(2)その日
前回のラストからいきなり時間が飛んで、5年後になっています。
ここで
・今から107年前に人類が巨人に食い尽くされるという事件が起こったこと
・街の住民の祖先が壁を作って生存領域を確保したこと
が兵団指揮官の口から語られます。まあ本当かどうかはわかりません。そういうふうに教育されているだけかもしれませんね。
物語はここでまた5年前、前回のラストで語られた惨劇の日へと巻き戻ります。
突如出現した超大型のマッスル巨人は足で壁の門扉部分を蹴り飛ばし、大穴を開けます。
飛び散った壁の破片があちこちで民家や施設を直撃、街はすでに大被害です。パニックを起こし逃げ惑う住民。エレンとミカサは自宅へ駆け戻りますが、そこには破片が直撃して全壊した自宅と、瓦礫に挟まれて身動きが取れなくなった母・カルラがいました。
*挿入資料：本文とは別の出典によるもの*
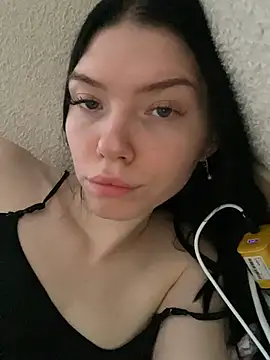 Lisaaa Alisa online show from 02.05.25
足が挟まれているものの、見たところ命の別状はないようです。
瓦礫をどかして母を助けようとするエレンとミカサですが、街の中へ次々と巨人が侵入してきました。自分をおいて逃げるよう諭す母。従わないエレン。「母さんの足は瓦礫に潰されてここから出られたとしても走れない・・・わかるだろ?」「オレが担いで走るよ!」「どうしていつも母さんの言うこと効かないの!最期くらい言うこと聞いてよ!」互いに互いを守りたい一心での、命がけの親子喧嘩です。
そうこうしているうちに巨人が一体、現場へ到着してしまいました。
そこへ疾風とともに駆けつけた兵士がひとり。「ハンネスさん!!」待ってました、これで戦える!やっちまえ飲んだくれオヤジ!!
あの酔っ払いがものすごく勇ましく見えます。
が、母カルラはハンネスに子供たちを連れて逃げるように懇願しますが、そこはハンネスさんも立派なヒゲ男子。はいそうですかと引き下がれません。
「見くびってもらっちゃ困るぜカルラ!」「恩人の家族を救ってようやく恩返しを―」
ハンネスさんは前回もエレンの父は街の恩人だと発言していましたが、何がどう恩人なんでしょうか?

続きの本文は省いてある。